Most of the time, I really love living in the mountains and not having motorized transport. The real beauty of the area in on the paths and switchbacks, not out on the road, and I enjoy my walk to school each day. The flowers are just amazing here—huge, gorgeous, and completely exuberant. Plus, as I hike (well, okay, stagger) up the mountain in the evenings I feel Fit. Healthy. Virtuous, even. Or at least like I’ve worked off two bites of the baked potato soup with cream and bacon that I indulged in this weekend.

The only downside to this outdoorsy life is that there is no escape from unremitting bad weather. You can’t just dash out the door and drive to the supermarket in the dry sanctity of your car. Oh no. You slog the half hour to and from work on foot even if it is raining buckets. Which it has been for the last two weeks.

This weekend was particularly nasty but at one point on Saturday afternoon, the rain seemed to abate. Joanna and I took advantage of this opportunity to make a break for the closest grocery story, about 15 minutes up the mountain. Sadly, we’d gotten about 5 minutes into the trip when the skies opened once more. However, as stalwart mountain dwellers, we had come armed with our rain gear. Out came the umbrellas. Inside out went the umbrellas. CRUD.
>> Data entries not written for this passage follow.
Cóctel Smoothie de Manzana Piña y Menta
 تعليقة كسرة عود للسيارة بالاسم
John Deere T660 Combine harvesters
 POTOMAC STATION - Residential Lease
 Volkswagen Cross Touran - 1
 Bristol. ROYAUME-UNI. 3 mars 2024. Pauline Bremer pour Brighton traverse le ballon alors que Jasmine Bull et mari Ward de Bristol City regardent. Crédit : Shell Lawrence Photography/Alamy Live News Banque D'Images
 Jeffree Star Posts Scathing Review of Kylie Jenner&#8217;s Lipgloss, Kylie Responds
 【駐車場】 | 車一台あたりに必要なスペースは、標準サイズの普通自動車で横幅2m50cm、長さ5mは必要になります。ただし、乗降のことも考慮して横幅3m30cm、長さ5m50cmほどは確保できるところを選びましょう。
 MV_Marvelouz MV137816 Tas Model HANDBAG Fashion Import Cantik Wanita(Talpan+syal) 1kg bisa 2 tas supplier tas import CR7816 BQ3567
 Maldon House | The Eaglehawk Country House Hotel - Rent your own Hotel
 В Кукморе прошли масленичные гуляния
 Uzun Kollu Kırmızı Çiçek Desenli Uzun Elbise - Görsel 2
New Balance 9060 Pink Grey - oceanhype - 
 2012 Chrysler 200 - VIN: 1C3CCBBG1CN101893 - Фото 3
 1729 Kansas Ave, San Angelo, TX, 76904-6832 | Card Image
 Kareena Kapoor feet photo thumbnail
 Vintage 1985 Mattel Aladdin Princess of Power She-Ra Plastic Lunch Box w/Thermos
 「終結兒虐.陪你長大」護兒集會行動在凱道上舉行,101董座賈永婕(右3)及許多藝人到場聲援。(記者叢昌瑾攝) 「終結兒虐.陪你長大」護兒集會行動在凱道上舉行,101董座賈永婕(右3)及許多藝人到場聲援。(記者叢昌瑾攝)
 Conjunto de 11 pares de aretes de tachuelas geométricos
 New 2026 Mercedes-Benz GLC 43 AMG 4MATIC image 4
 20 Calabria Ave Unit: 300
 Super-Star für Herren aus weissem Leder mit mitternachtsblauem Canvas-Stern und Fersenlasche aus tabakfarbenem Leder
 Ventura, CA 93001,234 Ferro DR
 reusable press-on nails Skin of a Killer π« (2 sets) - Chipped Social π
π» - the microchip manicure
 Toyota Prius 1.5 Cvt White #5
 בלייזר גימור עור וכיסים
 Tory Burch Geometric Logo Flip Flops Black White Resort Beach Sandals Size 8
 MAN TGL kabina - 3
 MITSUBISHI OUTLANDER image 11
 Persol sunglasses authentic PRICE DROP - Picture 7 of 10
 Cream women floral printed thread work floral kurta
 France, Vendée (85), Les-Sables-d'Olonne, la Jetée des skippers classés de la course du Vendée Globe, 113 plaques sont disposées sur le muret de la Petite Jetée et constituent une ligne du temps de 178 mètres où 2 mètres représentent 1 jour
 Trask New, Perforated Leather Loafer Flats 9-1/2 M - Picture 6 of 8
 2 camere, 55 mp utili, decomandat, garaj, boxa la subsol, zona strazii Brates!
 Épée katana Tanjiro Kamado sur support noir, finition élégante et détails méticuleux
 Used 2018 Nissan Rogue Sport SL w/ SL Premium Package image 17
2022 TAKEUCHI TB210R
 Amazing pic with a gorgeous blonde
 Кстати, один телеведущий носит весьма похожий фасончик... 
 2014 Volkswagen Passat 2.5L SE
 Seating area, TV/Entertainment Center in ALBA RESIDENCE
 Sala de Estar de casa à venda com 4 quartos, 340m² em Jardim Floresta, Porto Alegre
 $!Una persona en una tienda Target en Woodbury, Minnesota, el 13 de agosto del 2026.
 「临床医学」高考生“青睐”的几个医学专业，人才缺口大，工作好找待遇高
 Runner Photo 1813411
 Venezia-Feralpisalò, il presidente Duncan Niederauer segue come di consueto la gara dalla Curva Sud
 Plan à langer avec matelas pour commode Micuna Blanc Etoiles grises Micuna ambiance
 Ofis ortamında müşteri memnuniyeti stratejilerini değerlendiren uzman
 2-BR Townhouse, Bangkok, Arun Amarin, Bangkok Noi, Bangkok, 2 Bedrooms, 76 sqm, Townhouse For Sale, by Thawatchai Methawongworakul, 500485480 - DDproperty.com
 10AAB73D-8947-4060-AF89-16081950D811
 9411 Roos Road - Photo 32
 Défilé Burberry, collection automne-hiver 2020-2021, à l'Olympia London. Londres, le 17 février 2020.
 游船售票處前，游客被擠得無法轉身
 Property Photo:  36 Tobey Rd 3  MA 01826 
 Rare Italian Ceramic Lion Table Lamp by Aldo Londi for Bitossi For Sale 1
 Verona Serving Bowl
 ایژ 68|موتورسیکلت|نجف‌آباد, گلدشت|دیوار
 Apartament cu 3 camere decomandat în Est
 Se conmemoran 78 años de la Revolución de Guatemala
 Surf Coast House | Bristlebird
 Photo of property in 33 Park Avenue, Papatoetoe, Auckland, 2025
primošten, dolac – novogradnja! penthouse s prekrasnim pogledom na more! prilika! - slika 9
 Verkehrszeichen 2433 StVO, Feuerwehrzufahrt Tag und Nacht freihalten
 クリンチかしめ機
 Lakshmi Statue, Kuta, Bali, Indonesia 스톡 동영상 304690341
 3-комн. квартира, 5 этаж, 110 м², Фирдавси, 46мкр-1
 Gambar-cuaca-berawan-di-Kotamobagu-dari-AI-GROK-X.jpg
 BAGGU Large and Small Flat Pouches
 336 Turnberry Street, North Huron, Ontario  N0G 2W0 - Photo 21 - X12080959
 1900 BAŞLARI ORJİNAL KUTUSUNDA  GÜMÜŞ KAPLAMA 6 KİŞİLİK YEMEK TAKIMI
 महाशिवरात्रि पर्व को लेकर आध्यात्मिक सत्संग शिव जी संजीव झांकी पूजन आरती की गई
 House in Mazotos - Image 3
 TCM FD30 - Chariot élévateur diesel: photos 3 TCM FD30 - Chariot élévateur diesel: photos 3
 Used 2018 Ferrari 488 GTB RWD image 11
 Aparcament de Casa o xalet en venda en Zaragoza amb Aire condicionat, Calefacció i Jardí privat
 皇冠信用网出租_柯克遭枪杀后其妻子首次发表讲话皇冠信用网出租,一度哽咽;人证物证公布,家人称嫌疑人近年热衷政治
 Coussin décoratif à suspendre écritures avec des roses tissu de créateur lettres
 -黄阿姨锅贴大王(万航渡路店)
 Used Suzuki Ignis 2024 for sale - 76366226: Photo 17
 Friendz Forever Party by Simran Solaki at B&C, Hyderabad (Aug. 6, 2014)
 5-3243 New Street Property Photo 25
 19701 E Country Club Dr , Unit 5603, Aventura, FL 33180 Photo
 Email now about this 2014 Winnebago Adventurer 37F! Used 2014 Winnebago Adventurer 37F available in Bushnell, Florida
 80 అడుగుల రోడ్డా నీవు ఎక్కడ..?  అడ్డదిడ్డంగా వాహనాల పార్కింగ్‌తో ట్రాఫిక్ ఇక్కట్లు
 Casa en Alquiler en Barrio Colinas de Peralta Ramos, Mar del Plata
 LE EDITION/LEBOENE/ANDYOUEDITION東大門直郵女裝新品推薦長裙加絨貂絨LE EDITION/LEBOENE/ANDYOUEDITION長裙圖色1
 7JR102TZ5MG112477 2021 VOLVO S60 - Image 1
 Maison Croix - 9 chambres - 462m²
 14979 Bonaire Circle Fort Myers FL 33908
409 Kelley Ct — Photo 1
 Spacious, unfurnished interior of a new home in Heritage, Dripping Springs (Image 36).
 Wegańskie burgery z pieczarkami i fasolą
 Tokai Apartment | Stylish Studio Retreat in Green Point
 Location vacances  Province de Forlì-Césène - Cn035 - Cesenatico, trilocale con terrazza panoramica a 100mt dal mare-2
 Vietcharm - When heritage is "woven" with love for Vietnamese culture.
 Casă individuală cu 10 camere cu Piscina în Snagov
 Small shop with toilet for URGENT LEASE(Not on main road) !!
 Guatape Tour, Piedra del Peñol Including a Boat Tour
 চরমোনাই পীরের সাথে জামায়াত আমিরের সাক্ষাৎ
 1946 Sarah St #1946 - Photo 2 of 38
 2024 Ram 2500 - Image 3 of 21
By the time we returned from the store with our precious eggs and butter, we were both completely and totally soaked. We’re talking drowned-rat level of squish. But that’s where the good part of bad weather comes in. You can come in out of it! When we got home, we dried off, both put on fleecy pajamas, curled up with tea and biscuits, and congratulated ourselves on what brave outdoorswomen we were.

PS – As a side note, if anyone offers you rose-water flavored digestive biscuits (i.e. cookies), allow me to recommend that you politely pretend to have gone suddenly deaf. These particular cookies smell very rosy and taste like they smell and really it is an unpleasant experience all the way around. So if anyone offers...Just Say No. You'll thank me later.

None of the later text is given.